Michael Cooper knows a thing or two about winning championships. As a player, he hoisted the Larry O’Brien trophy in five of his 12 seasons (all with the Los Angeles Lakers). As a coach, he won back-to-back titles with the Los Angeles Sparks of the WNBA and an additional championship with the Albuquerque Thunderbirds of the NBA G League. Cooper was a dominant defender, winning the 1986-87 Defensive Player of the Year award and earning eight All-Defensive Team selections.
He has also coached in the NBA (with the Denver Nuggets) and college (at USC). Now, as he’s coaching in the Big3, HoopsHype caught up with him to discuss his experience in the three-on-three league, today’s NBA, the direction of the Lakers, the Los Angeles Clippers’ huge summer and more.

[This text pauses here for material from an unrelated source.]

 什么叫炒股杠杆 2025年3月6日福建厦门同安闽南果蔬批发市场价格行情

You’re coaching the team 3’s Company in the Big3. What made you want to join the league and what has that experience been like so far?

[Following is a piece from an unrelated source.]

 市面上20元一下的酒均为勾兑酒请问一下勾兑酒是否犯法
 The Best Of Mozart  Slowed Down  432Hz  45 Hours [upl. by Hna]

Michael Cooper: My experience has been awesome. The idea was first brought to me when I talked to Clyde Drexler during the first year that the league started. I was wondering to myself, “How are they going to make this work?” The next year, I get a call from my agent and he said that Clyde expressed interest in me joining the league. From there, I got a chance to talk to [Clyde] about it and I thought it would be a great opportunity in men’s basketball with a lot of former NBA players. I liked that I was getting a chance to do something that was totally different.

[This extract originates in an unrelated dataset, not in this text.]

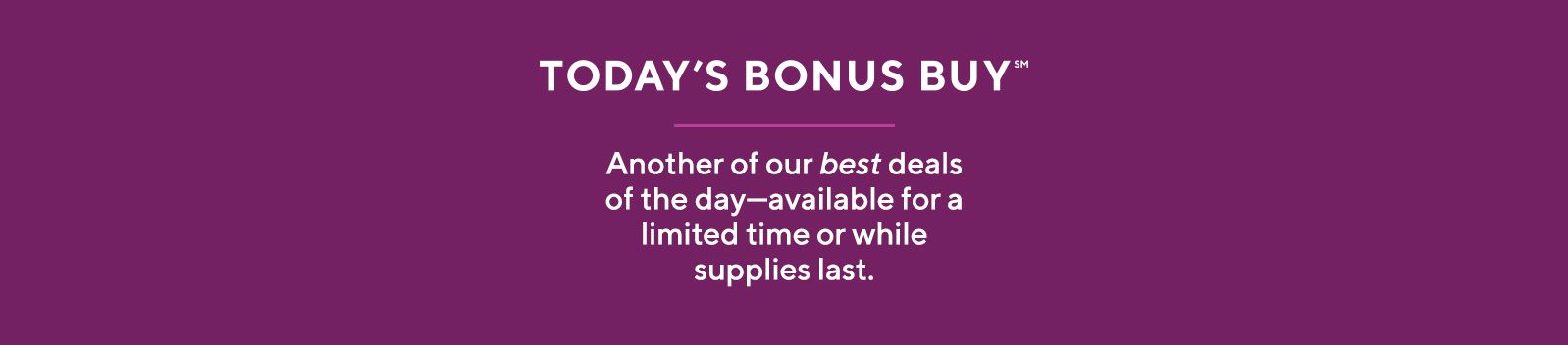 Today's Bonus Buy℠  Another of our best deals of the day—available for a limited time or while supplies last.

I have coached and won at almost every level, and this another level I’d like to entertain. Half-court basketball takes you back to your school-ground days, playing three-on-three and the idea is to stay on the court all day. You had to figure out which two guys to pick depending on what your strengths are – maybe you need a big guy who can rebound or you need a guard who can score. Thinking about that and then putting it on this big stage, like Ice Cube and Jeff Kwatinetz have done, it has been a great experience! People may think it just turns into one-on-one, but that’s not the case. There really is a tactical approach to this. I love coaching. I love trying to put a team together and trying to figure it all out. Overall, the experience has been great.
As you mentioned, you’ve had success coaching men and women prior to the Big3. What are some of the biggest adjustments that you have to make when you’re coaching or playing three-on-three?
MC: I think the biggest difference is motivation and getting them to buy into team play. In three-on-three, there can be some one-on-one basketball to a certain degree, but that’s not what is going to win games. When [a former NBA] player sees someone who played a step below them or someone who didn’t quite get there [to their level], they still have that competitive nature and they want to try to get it done by themselves. You have to get them to buy into the system and to ball movement. Even though you only have three players, you still need bodies moving and the ball moving.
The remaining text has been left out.